§ EXERCISE AIM:
Give back every entry exactly as it is written, but not the pictures.

□ □ □ □ □ □ □

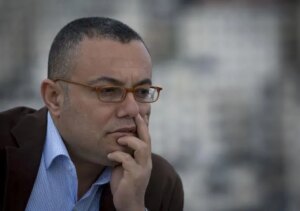Atef Abu Saif, escritor palestino: "El silencio del mundo est alentando a Israel a cometer ms crmenes"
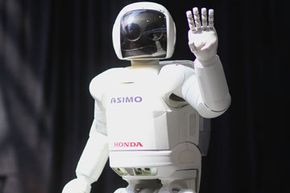 也许是因为它的机器人外观不会引发人类的恐怖探测器，本田的ASIMO已经成为机器人大使。这款友好的机器人甚至在迪士尼乐园定期演出。＂border=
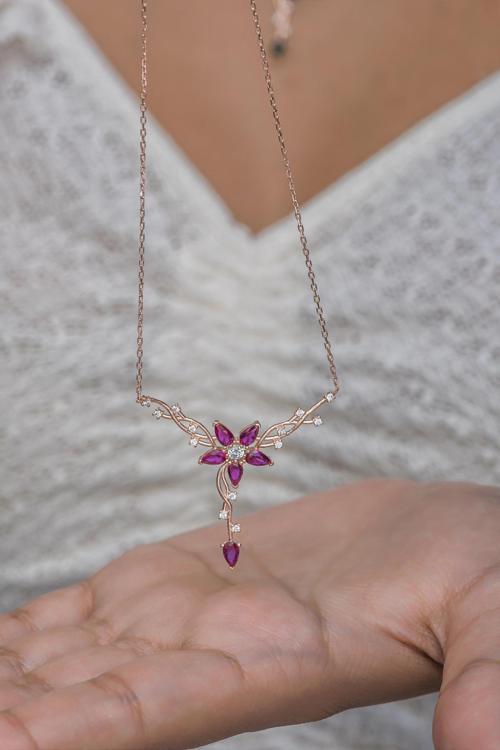 925 Ayar Gümüş Daldaki Gonca Pembe Çiçek Kolye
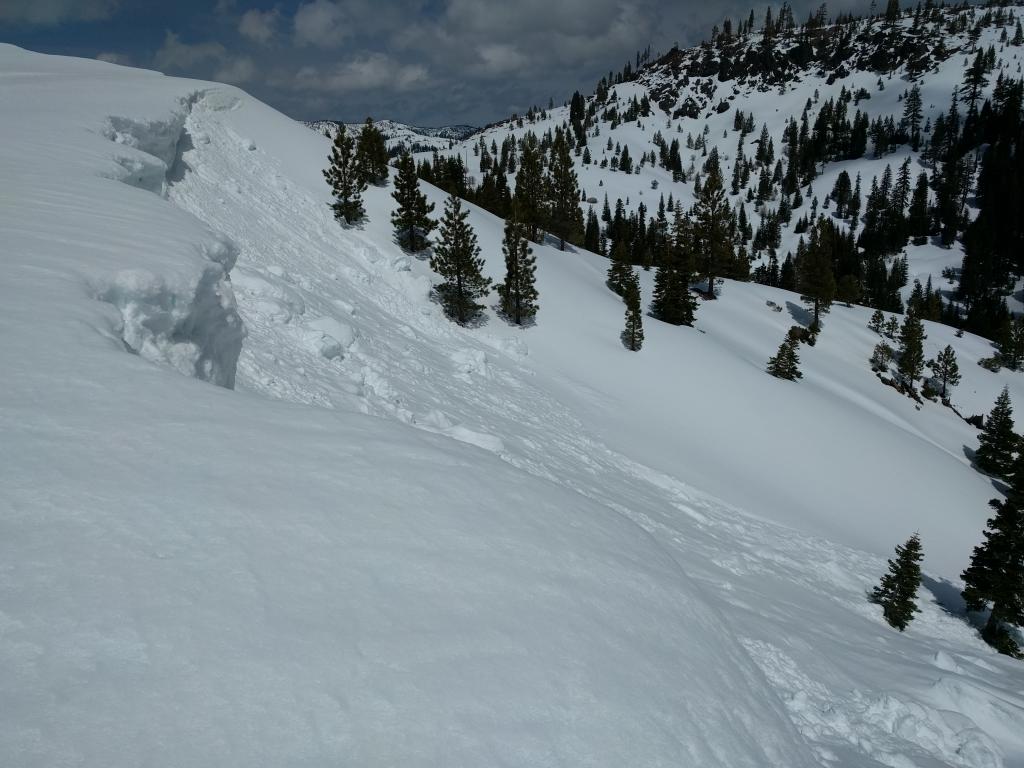  Large <a href="/avalanche-terms/cornice" title="A mass of snow deposited by the wind, often overhanging, and usually near a sharp terrain break such as a ridge. Cornices can break off unexpectedly and should be approached with caution." class="lexicon-term">cornice</a> <a href="/avalanche-terms/collapse" title="When the fracture of a lower snow layer causes an upper layer to fall. Also called a whumpf, this is an obvious sign of instability." class="lexicon-term">collapse</a> likely from 4/18/2017 
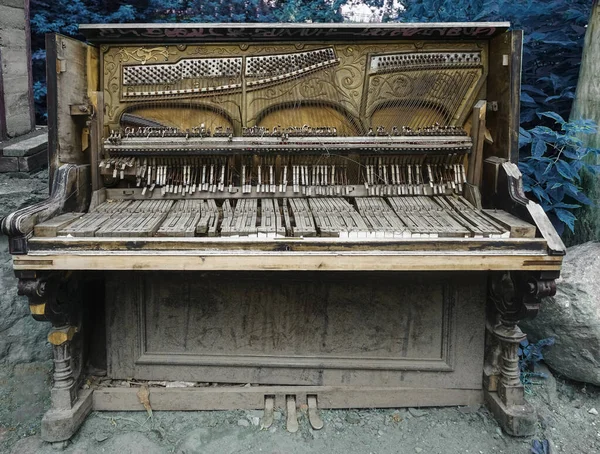 Старе Зруйноване Гранд Піаніно Зовнішнє Зображення Якісна Фотографія Брудний Музичний — стокове фото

□ □ □ □ □ □ □

§ OUTPUT FOR THIS EXERCISE:
Atef Abu Saif, escritor palestino: "El silencio del mundo est alentando a Israel a cometer ms crmenes"
 也许是因为它的机器人外观不会引发人类的恐怖探测器，本田的ASIMO已经成为机器人大使。这款友好的机器人甚至在迪士尼乐园定期演出。＂border=
 925 Ayar Gümüş Daldaki Gonca Pembe Çiçek Kolye
  Large <a href="/avalanche-terms/cornice" title="A mass of snow deposited by the wind, often overhanging, and usually near a sharp terrain break such as a ridge. Cornices can break off unexpectedly and should be approached with caution." class="lexicon-term">cornice</a> <a href="/avalanche-terms/collapse" title="When the fracture of a lower snow layer causes an upper layer to fall. Also called a whumpf, this is an obvious sign of instability." class="lexicon-term">collapse</a> likely from 4/18/2017 
 Старе Зруйноване Гранд Піаніно Зовнішнє Зображення Якісна Фотографія Брудний Музичний — стокове фото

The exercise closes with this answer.